Image-text web data:
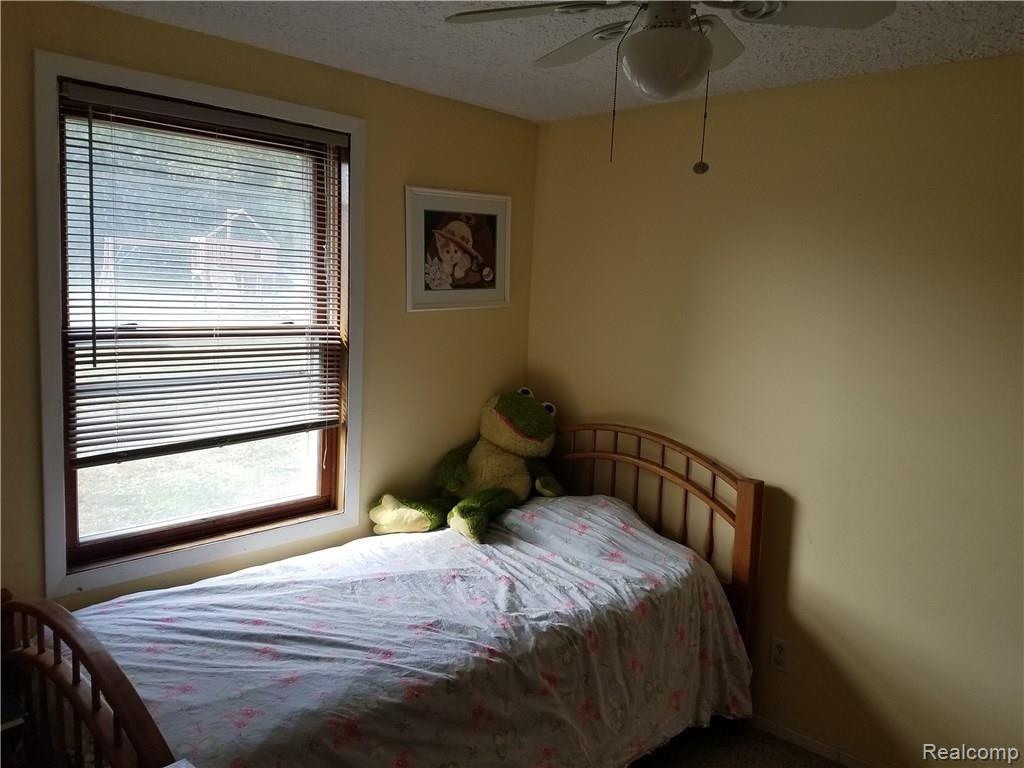 5659 Mason Road Fowlerville, MI 48836 - Photo 22 of 39 5659MasonBed2.jpg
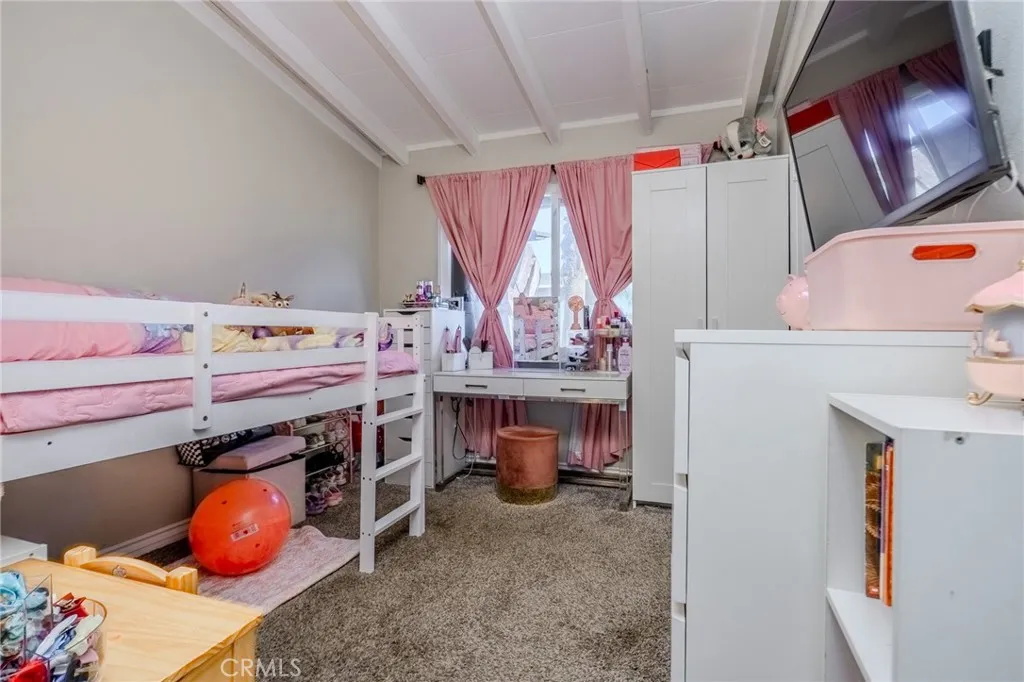 827 S Riverside, Rialto, California 92376 home-pic-18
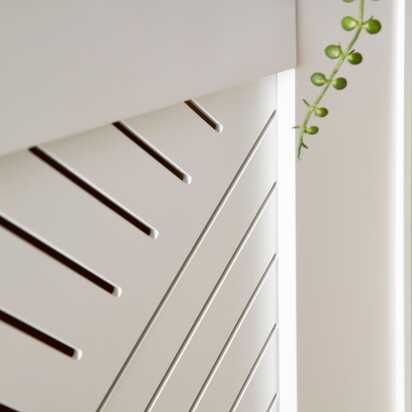Jack Large Radiator Cover - White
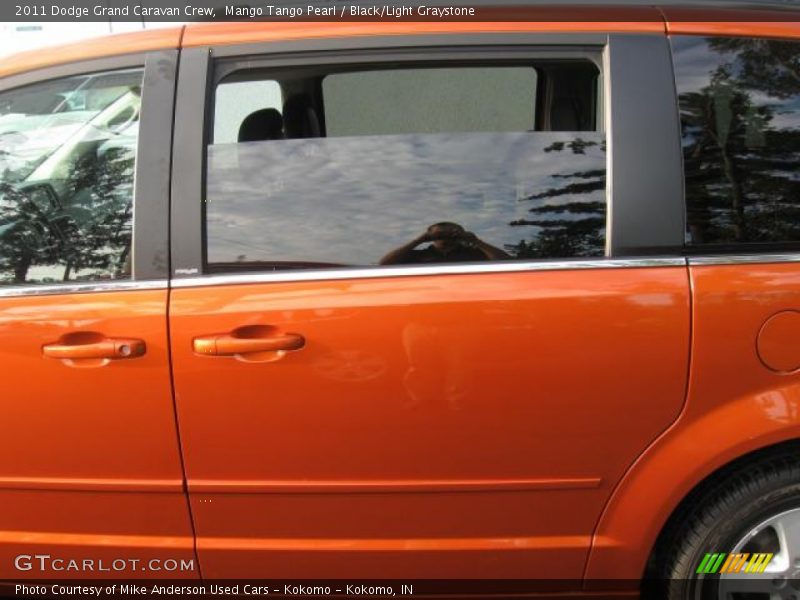 Mango Tango Pearl / Black/Light Graystone 2011 Dodge Grand Caravan Crew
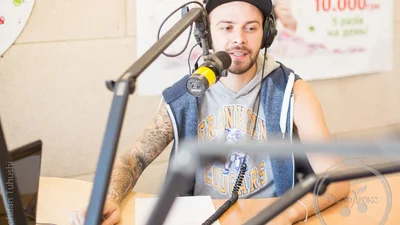 Макс Барських чудить своїм язиком у прямому ефірі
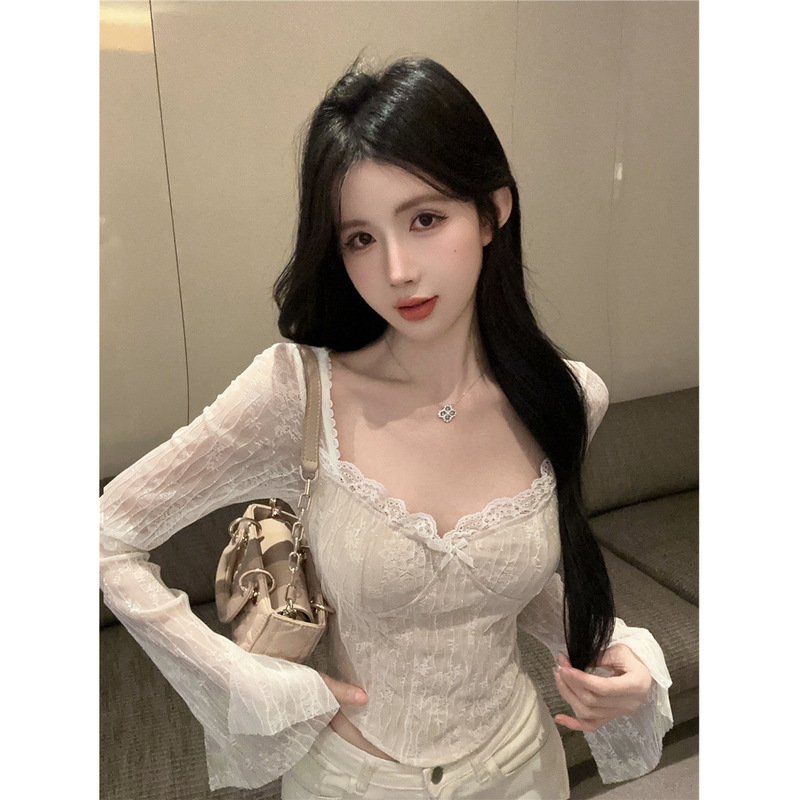 Plus Size Women's Clothing, Sexy Square-Neck Fishbone Top, Autumn and Winter Base Layer, Lace Bell-Sleeve Inner Shirt Plus Size Women's Clothing, Sexy Square-Neck Fishbone Top, Autumn and Winter Base Layer, Lace Bell-Sleeve Inner Shirt
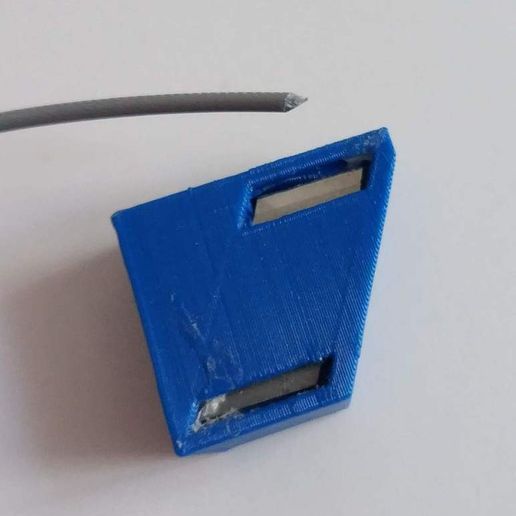 🪢 1,75 filament sharpener for segment knife blade・Free 3D File for ・Cults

- WHAT IS BEING ASKED -
Write out the entries above word for word. Do not include the pictures.

- WRITTEN RESPONSE -
 5659 Mason Road Fowlerville, MI 48836 - Photo 22 of 39 5659MasonBed2.jpg
 827 S Riverside, Rialto, California 92376 home-pic-18
Jack Large Radiator Cover - White
 Mango Tango Pearl / Black/Light Graystone 2011 Dodge Grand Caravan Crew
 Макс Барських чудить своїм язиком у прямому ефірі
 Plus Size Women's Clothing, Sexy Square-Neck Fishbone Top, Autumn and Winter Base Layer, Lace Bell-Sleeve Inner Shirt Plus Size Women's Clothing, Sexy Square-Neck Fishbone Top, Autumn and Winter Base Layer, Lace Bell-Sleeve Inner Shirt
 🪢 1,75 filament sharpener for segment knife blade・Free 3D File for ・Cults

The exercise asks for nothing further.